Guido von Pirquet (30 March 1880 – 17 April 1966) was an Austrian pioneer of astronautics and a Baron of a lower noble family.

Born near Vienna, he was educated at Technische Hochschule in Vienna and Graz. He developed an interest in rocketry, building and testing model rockets in 1927. In 1928, he proposed the idea of building a space station in low Earth orbit (LEO) for fueling vehicles to travel to the other planets. He published detailed calculations for this type of mission. For this reason, he (together with Herman Potočnik) is considered the "father of the space station". Along with Rudolf Zwerina, he founded the Austrian Society for Rocket Technology in 1931. His interest in rocketry waned following the Anschluss in 1938.

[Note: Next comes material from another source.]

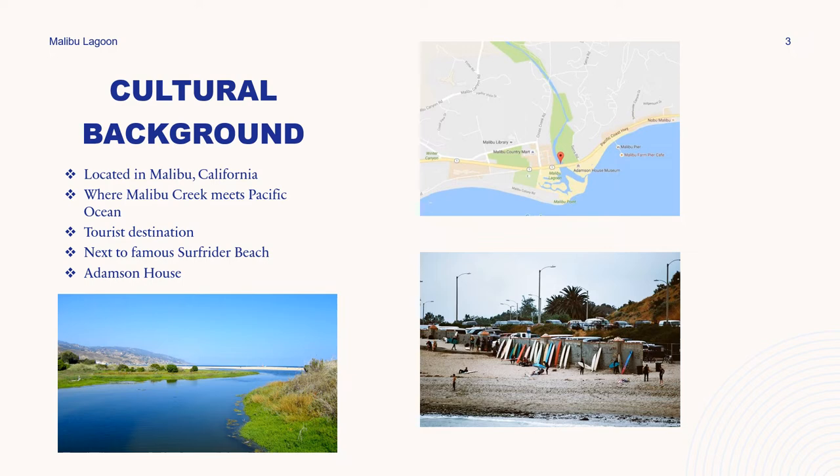The Malibu Wall is an area that's super famous and lots of people come to take pictures there. You'll often see 20 or 30 boards lined up against this wall, especially when the waves are really good. Over here on the left I've included a picture of the Restored Lagoon, which I'll talk more about later — as you can see, it's very beautiful with lots of native plants, super lush.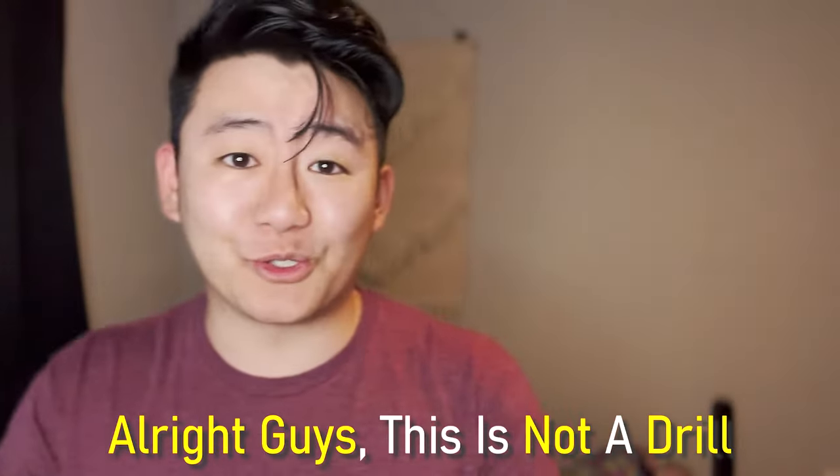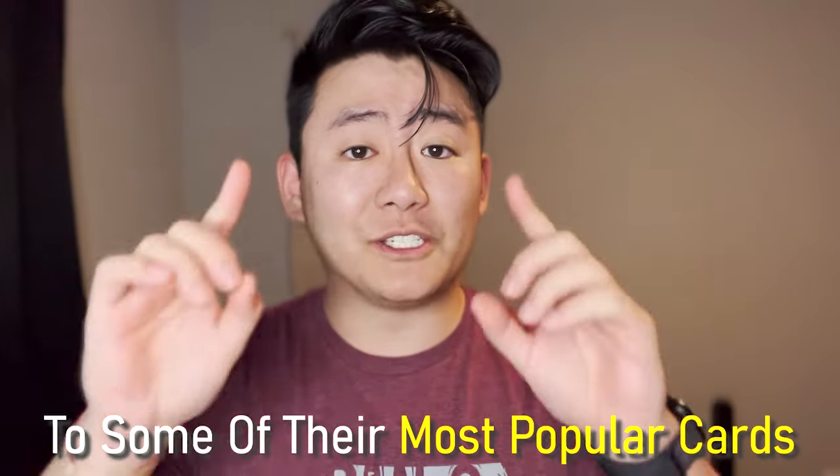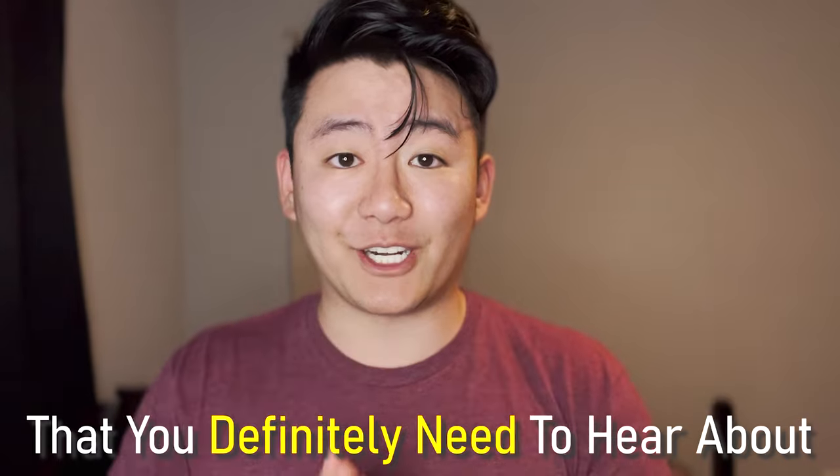Alright guys, this is not a drill. Chase has just made some updates to some of their sign-up bonus offers to some of their most popular credit cards in their credit card arsenal that you definitely need to hear about.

Guido von Pirquet is one of several scientists working in the pre-spaceflight era (1920-1957) who fully understood the promise of the gravity assist method for reducing flight time and increasing payload to the outer planets. He gave detailed formulas showing how close passage of Jupiter could be used to make a large change in the velocity and orbital energy of a spacecraft. His vector diagrams clearly show the gravity assist mechanism that are identical to those used later by Krafft Ehricke (1956) and much later by Minovitch (1961). Minovitch claims incorrectly that he is the "inventor" of the gravity assist space flight technique..

Pirquet crater on the Moon is named after him. He was inducted as an honorary fellow of the British Interplanetary Society in 1949, their highest honor. In 1976, he was inducted into the International Space Hall of Fame. His brother, Clemens von Pirquet, became a scientist and pediatrician.

==Publications==
Pirquet's work was published both by Verein für Raumschiffahrt (the Society for Space Travel) in Die Rackete and by Willy Ley in Die Möglichkeit der Weltraumfahrt (The Possibility of Space Travel).